Task item :: Begin at the line containing "Have you seen" and restate it and each line after it exactly, up to and including the last line below. Leave pictures out.
Available data below:
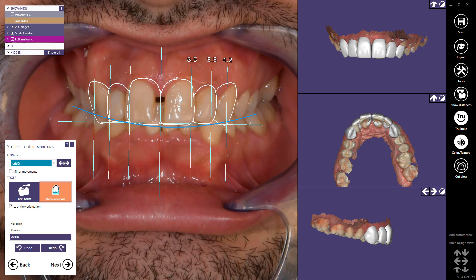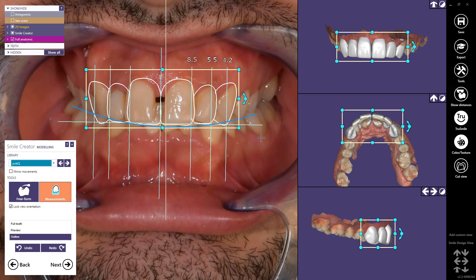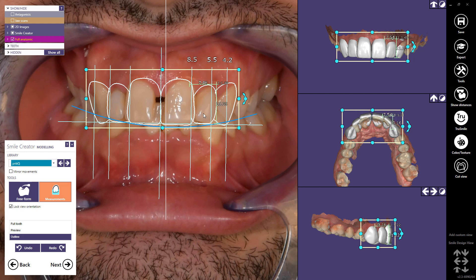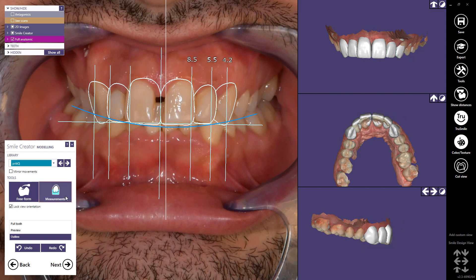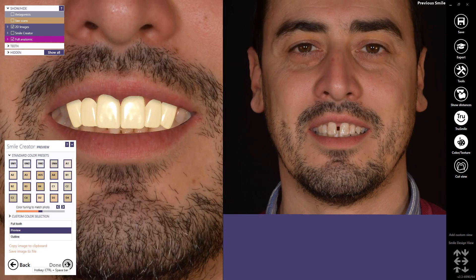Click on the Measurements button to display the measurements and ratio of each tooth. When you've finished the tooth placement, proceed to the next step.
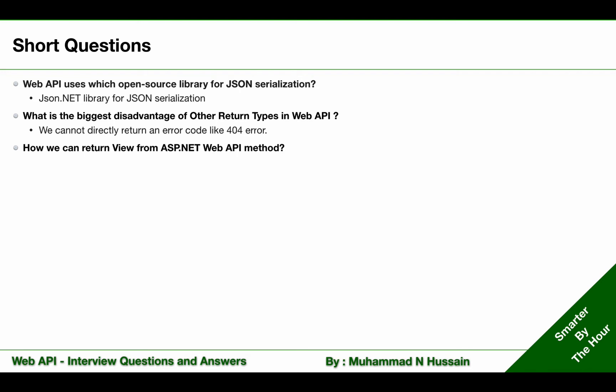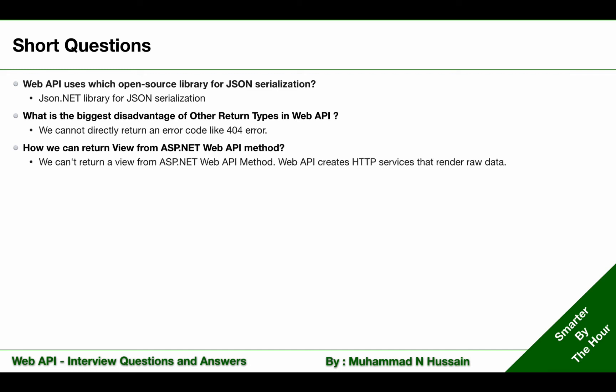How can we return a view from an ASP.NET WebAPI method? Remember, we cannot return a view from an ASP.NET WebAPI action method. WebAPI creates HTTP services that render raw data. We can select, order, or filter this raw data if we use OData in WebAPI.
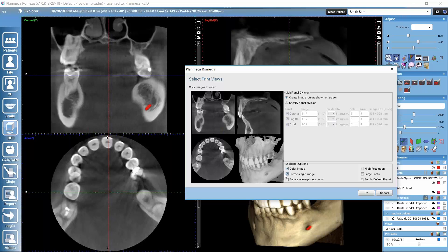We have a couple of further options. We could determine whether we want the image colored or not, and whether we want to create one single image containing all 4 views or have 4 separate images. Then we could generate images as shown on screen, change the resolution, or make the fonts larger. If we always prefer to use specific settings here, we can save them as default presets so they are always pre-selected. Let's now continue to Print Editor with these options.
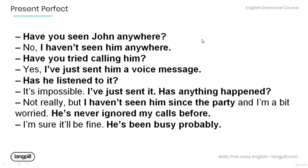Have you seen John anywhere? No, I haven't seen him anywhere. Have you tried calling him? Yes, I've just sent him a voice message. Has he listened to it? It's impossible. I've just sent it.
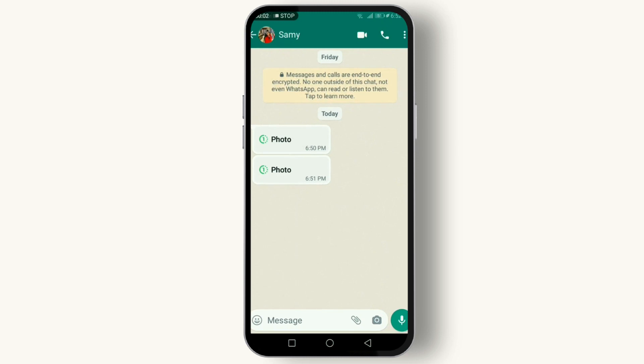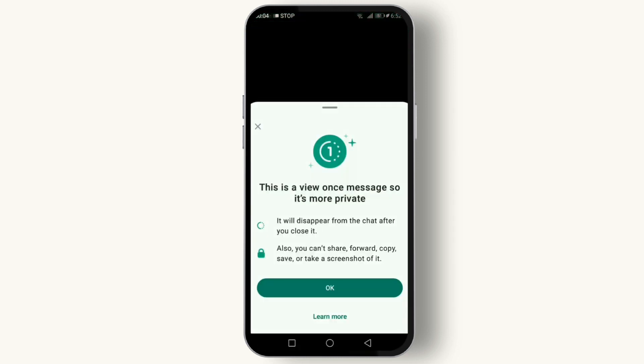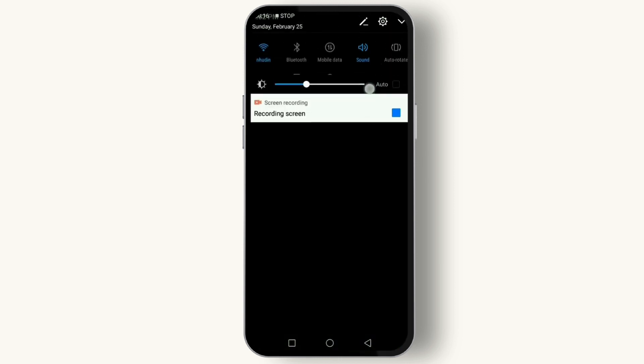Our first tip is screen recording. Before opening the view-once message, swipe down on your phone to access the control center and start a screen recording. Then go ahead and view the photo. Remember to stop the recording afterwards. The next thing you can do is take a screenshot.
End of Available data.
Reply ::
Have you seen John anywhere? No, I haven't seen him anywhere. Have you tried calling him? Yes, I've just sent him a voice message. Has he listened to it? It's impossible. I've just sent it.
Our first tip is screen recording. Before opening the view-once message, swipe down on your phone to access the control center and start a screen recording. Then go ahead and view the photo. Remember to stop the recording afterwards. The next thing you can do is take a screenshot.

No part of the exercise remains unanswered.